Need help in vetting my answers for the questions 
in CRM series book by MAA: Exploratory Examples for Real Analysis, By Joanne E. Snow, Kirk E. Weller.
- Let $A$ be a nonempty subset of the real numbers. Define the set $|A|$ to be $|A|:= \{|x| : x \in A\}$.
(a) If $A$ is bounded above, is $|A|$ necessarily bounded above? If not, give an example. If so, by what? Explain.
(b) If the set $A$ is bounded, is the set $|A|$ bounded? If not, give an example. If so, by what? Explain.
(c) If the maximum of set $A$ exists, does $|A|$ have maximum? If so, what would it be? If not, give an example.
(d) If the minimum of set $A$ exists, does $|A|$ have minimum? If so, what would it be? If not, give an example.
(e) If the supremum and infimum of $A$ exist, does $|A|$ have a supremum? If not, give an example. If so, what would it be? Does $|A|$ have a infimum? If not, give an example. If so, what would it be?
(a) No, it may happen that the negative value of $|A|$ is unbounded.

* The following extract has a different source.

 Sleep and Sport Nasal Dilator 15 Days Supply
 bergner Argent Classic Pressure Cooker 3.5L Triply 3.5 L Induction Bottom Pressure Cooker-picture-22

Say, $A=(-\infty,10)$. Here, $|A|$ has upper bound $=\infty$.
(b) Yes, if set $A$ is bounded, then there are both ends bounded, & hence supremum & infimum exist. Hence, $|A|$ will be bounded by the largest absolute magnitude of the bound for the set $|A|$.
*Edit : The edit is still informal one.
It is made a separate post (for fear of not attracting responses now, here) at : Supremum, infimum of $|A|$.
(c) Yes, but it may happen that the negative value of $x$ in $|A|$ is unbounded. In that case, the case (a) example applies. Else, it is possible that the negative values (of $x$) in $|A|$ take a higher value in magnitude than the positive value taken by $x$. Say, $A=[-20,10)$, then $|A|$ has maximum $20$.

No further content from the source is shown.